===== GIVEN MATERIAL =====
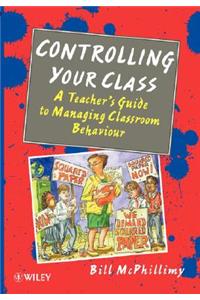 Controlling Your Class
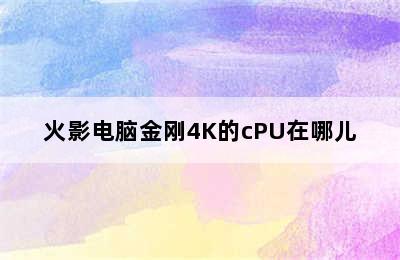 火影电脑金刚4K的cPU在哪儿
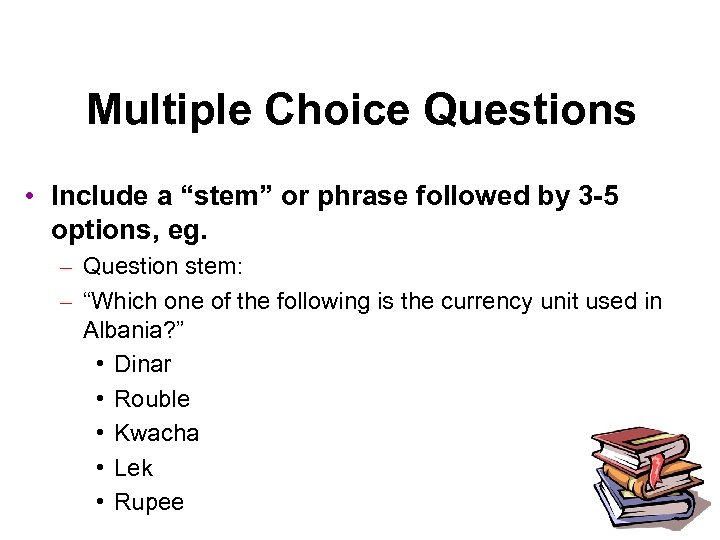 Multiple Choice Questions • Include a “stem” or phrase followed by 3 -5 options,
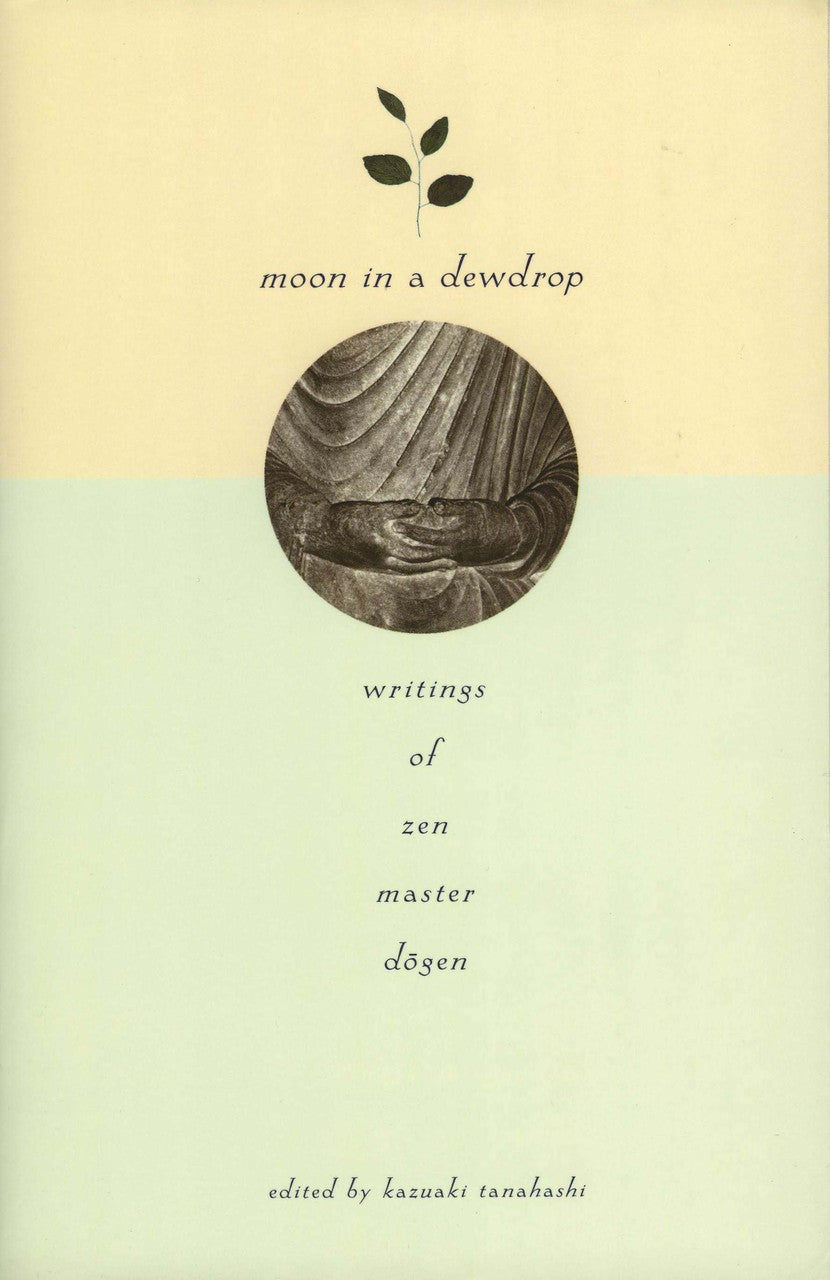 Moon in a Dewdrop: Writings of Zen Master Dogen、mySite、topwebapps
=====
DIRECTIONS: Please reprint the whole listing exactly and omit its pictures.

SOLUTION TO THIS TASK:
 Controlling Your Class
 火影电脑金刚4K的cPU在哪儿
 Multiple Choice Questions • Include a “stem” or phrase followed by 3 -5 options,
 Moon in a Dewdrop: Writings of Zen Master Dogen、mySite、topwebapps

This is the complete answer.